What the task requires> This exercise calls for an exact copy of the listing, with no pictures kept.

Provided data>

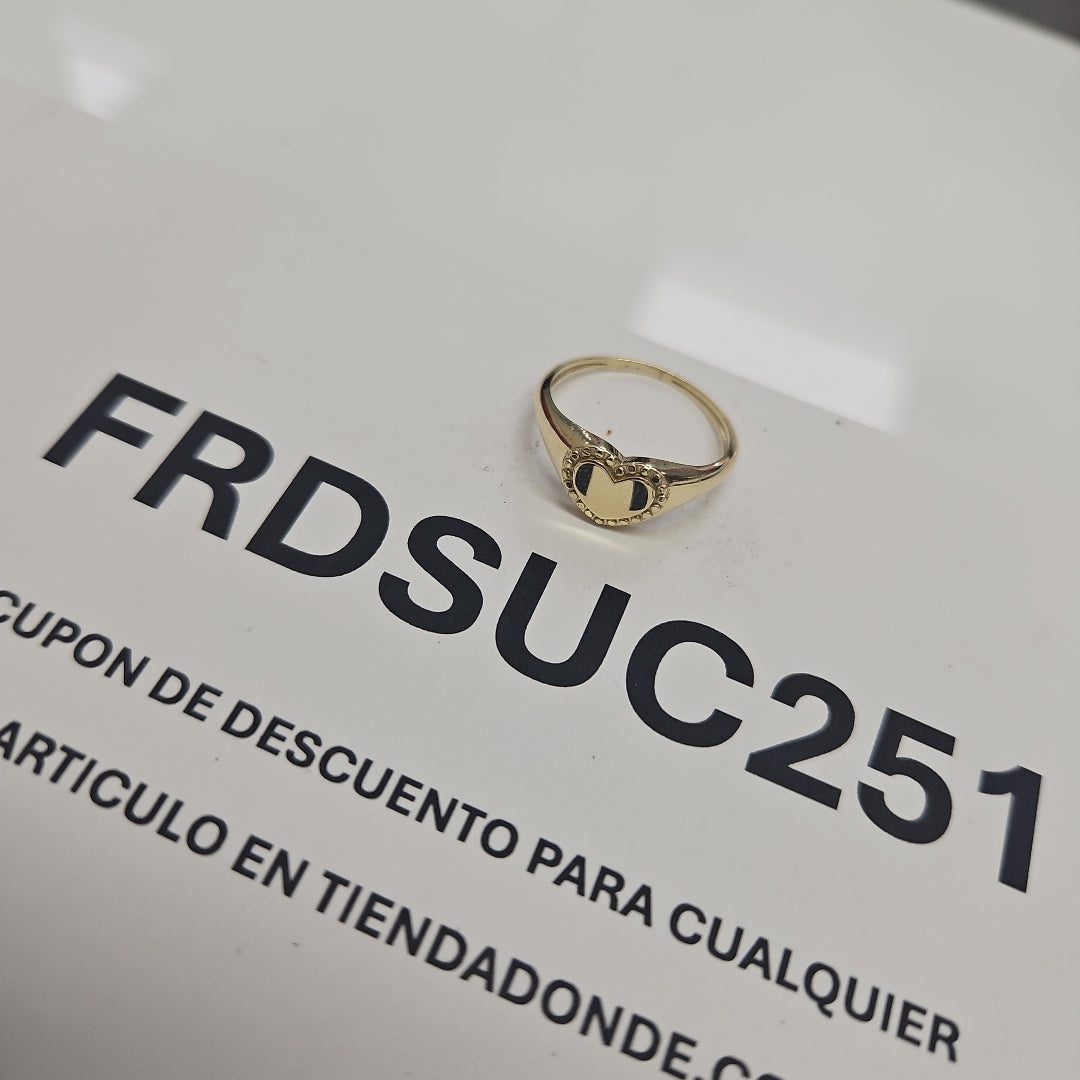 ANILLOS ANILLITO FIG CORAZON 10K TALLA 7 1.7 GR (NUEVO)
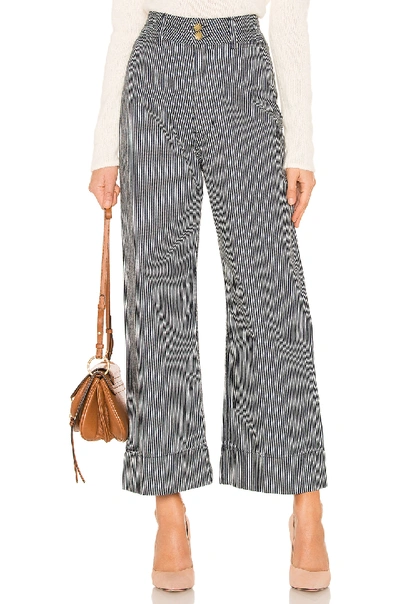 Apiece Apart Liv Cropped Striped Cotton Wide-leg Pants In Railroad Stripe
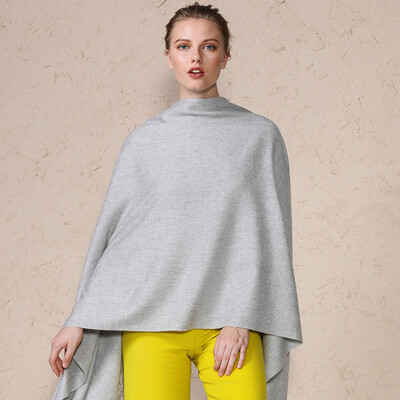 

Initial load TRUE HER cashmere shawl scarf female autumn&winter dual-use warm large thickening bib gift box packaging light luxury frozen age  series shawl light gray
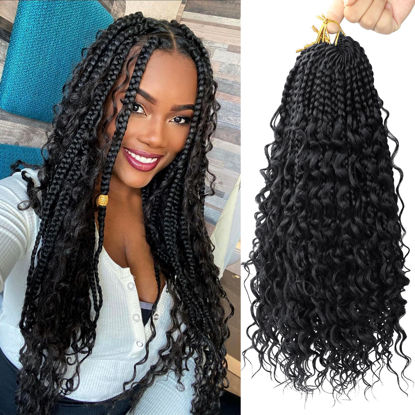 Picture of Goddess Box Braids Crochet Hair With Curly Ends 16 Inch Bohomian Box Braids Crochet Braids 8 Packs 3X Crochet Braids Synthetic Braiding Hair Extension for Black Women (16 Inch (Pack of 8), #1)…
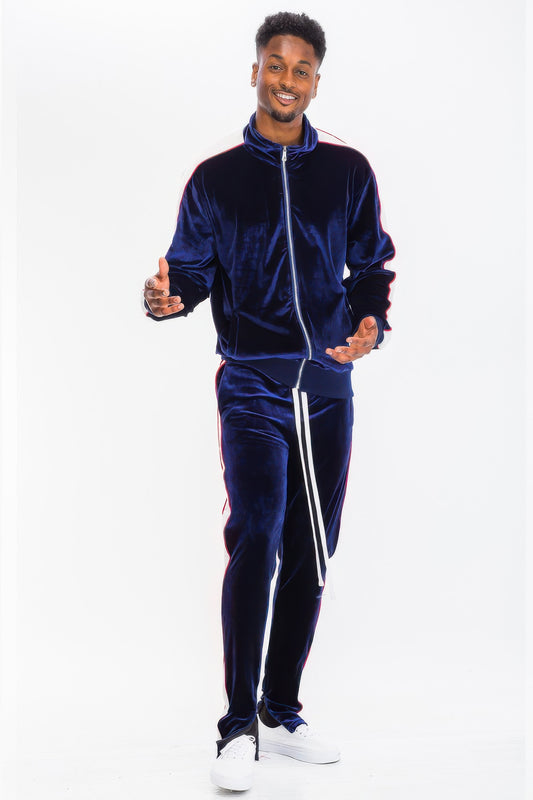 Mens Velour Track Jacket And Track Pant Set - MENS BASIC & ACTIVEWEAR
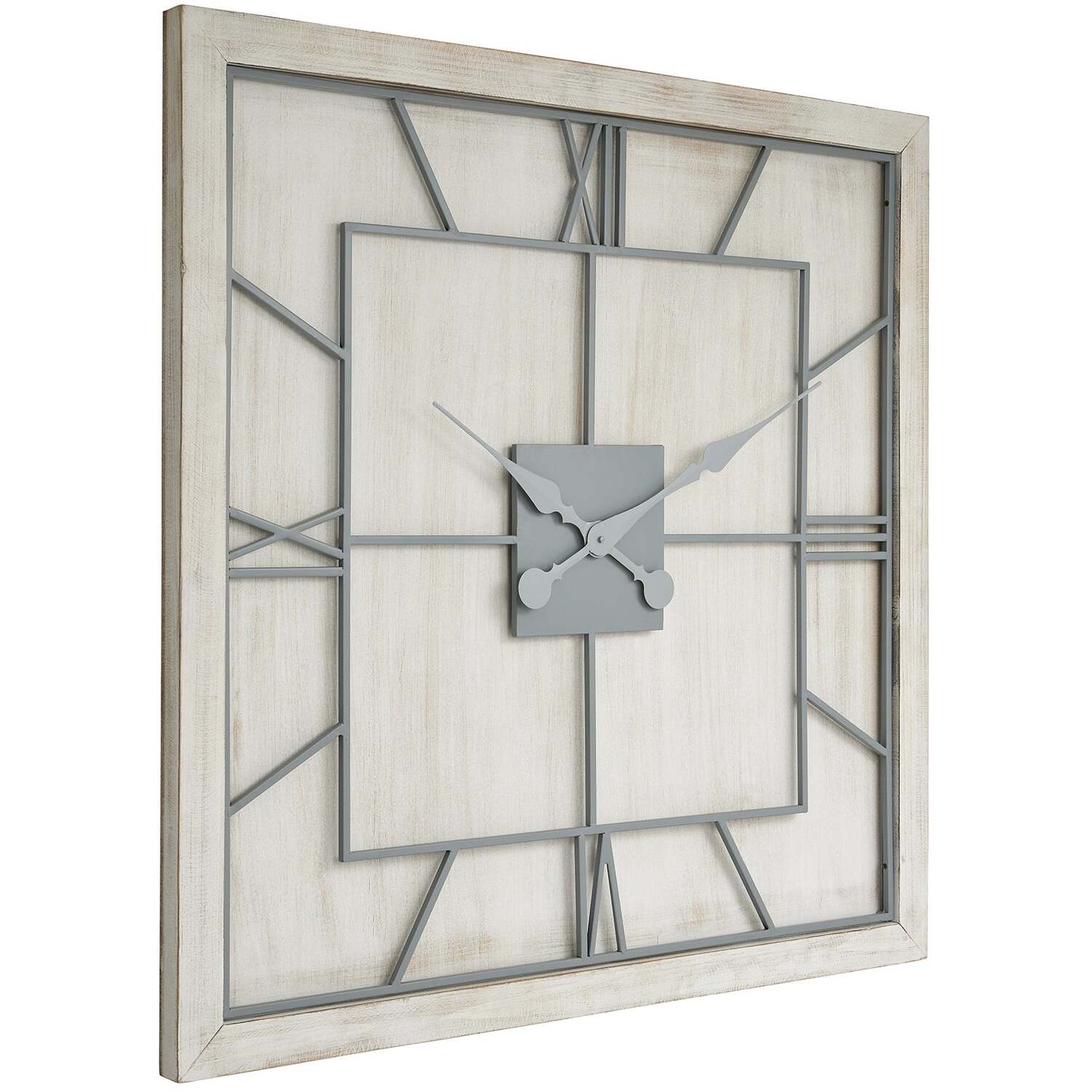 Square Washed Rustic Skeleton Wall Clock - White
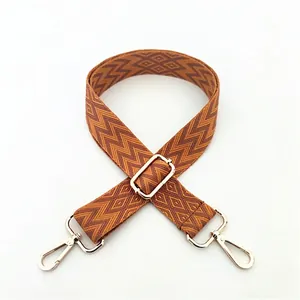 Ethnic style adjustable shoulder strap with brown and yellow geometric wave pattern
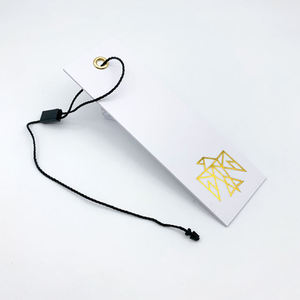 OEM 2026 Printing Factory Custom Printing Swing <b>Tag</b> Gold Foil logo Brand hang <b>Tag</b> with Grommet and String for Clothing - Product Image 6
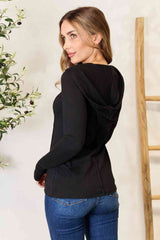 Culture Code Full Size Exposed Seam Long Sleeve Hoodie - Trendsi - Flyclothing LLC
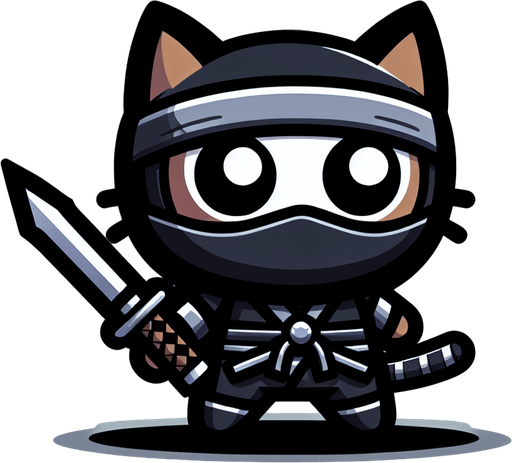 Cartoon ninja cat.
Single Game Texture. In-Game asset. 2d. Blank background. High contrast. No shadows.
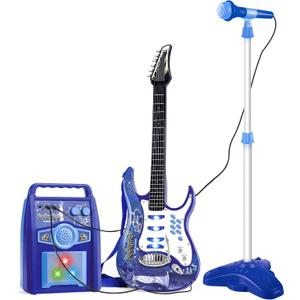 deAO Musical Guitar Play Set,Adjustable Height Microphone,Amplifier Set with Stand,Music Light Karaoke Music Toys Birthday for Kids Boys Girls (Blue)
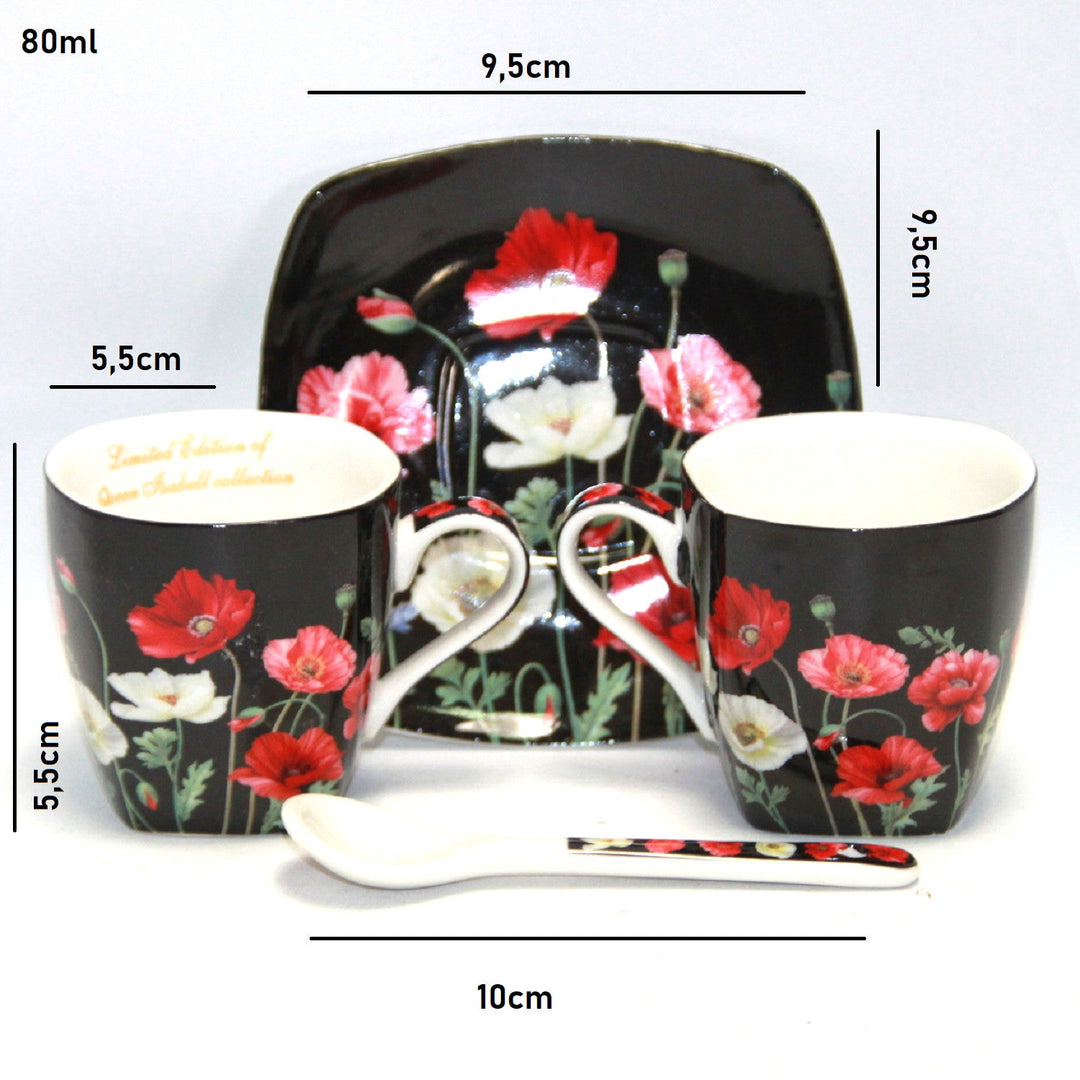 Porculanske šalice za espresso Queen Isabell s tanjurima, set W9PB06-09510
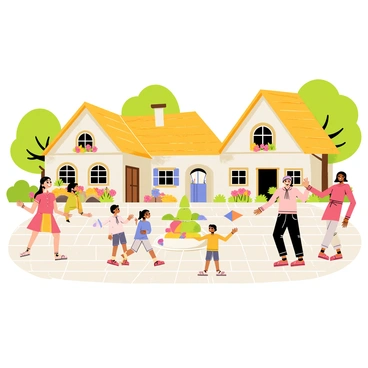 A quaint village scene with charming cottages made of stone and wood, featuring thatched roofs. Several children are playing joyfully in the cobblestone streets, some are playing hopscotch while others are flying colorful kites. Friendly villagers, dressed in simple, traditional clothing, are interacting with the children, smiling and waving. Lush green trees line the streets, and flowers in vibrant colors bloom in front of the houses, adding to the lively atmosphere. A small fountain in the village square creates a focal point where some villagers gather.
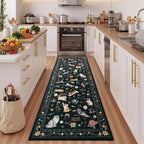 Unirea 2.6x8 Black Cat Runner Rug, Washable Non Slip Botanical Rug by UNIREA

Answer for this exercise>
 ANILLOS ANILLITO FIG CORAZON 10K TALLA 7 1.7 GR (NUEVO)
 Apiece Apart Liv Cropped Striped Cotton Wide-leg Pants In Railroad Stripe

Initial load TRUE HER cashmere shawl scarf female autumn&winter dual-use warm large thickening bib gift box packaging light luxury frozen age  series shawl light gray
 Picture of Goddess Box Braids Crochet Hair With Curly Ends 16 Inch Bohomian Box Braids Crochet Braids 8 Packs 3X Crochet Braids Synthetic Braiding Hair Extension for Black Women (16 Inch (Pack of 8), #1)…
 Mens Velour Track Jacket And Track Pant Set - MENS BASIC & ACTIVEWEAR
 Square Washed Rustic Skeleton Wall Clock - White
 Ethnic style adjustable shoulder strap with brown and yellow geometric wave pattern
 OEM 2026 Printing Factory Custom Printing Swing <b>Tag</b> Gold Foil logo Brand hang <b>Tag</b> with Grommet and String for Clothing - Product Image 6
 Culture Code Full Size Exposed Seam Long Sleeve Hoodie - Trendsi - Flyclothing LLC
 Cartoon ninja cat.
Single Game Texture. In-Game asset. 2d. Blank background. High contrast. No shadows.
 deAO Musical Guitar Play Set,Adjustable Height Microphone,Amplifier Set with Stand,Music Light Karaoke Music Toys Birthday for Kids Boys Girls (Blue)
 Porculanske šalice za espresso Queen Isabell s tanjurima, set W9PB06-09510
 A quaint village scene with charming cottages made of stone and wood, featuring thatched roofs. Several children are playing joyfully in the cobblestone streets, some are playing hopscotch while others are flying colorful kites. Friendly villagers, dressed in simple, traditional clothing, are interacting with the children, smiling and waving. Lush green trees line the streets, and flowers in vibrant colors bloom in front of the houses, adding to the lively atmosphere. A small fountain in the village square creates a focal point where some villagers gather.
 Unirea 2.6x8 Black Cat Runner Rug, Washable Non Slip Botanical Rug by UNIREA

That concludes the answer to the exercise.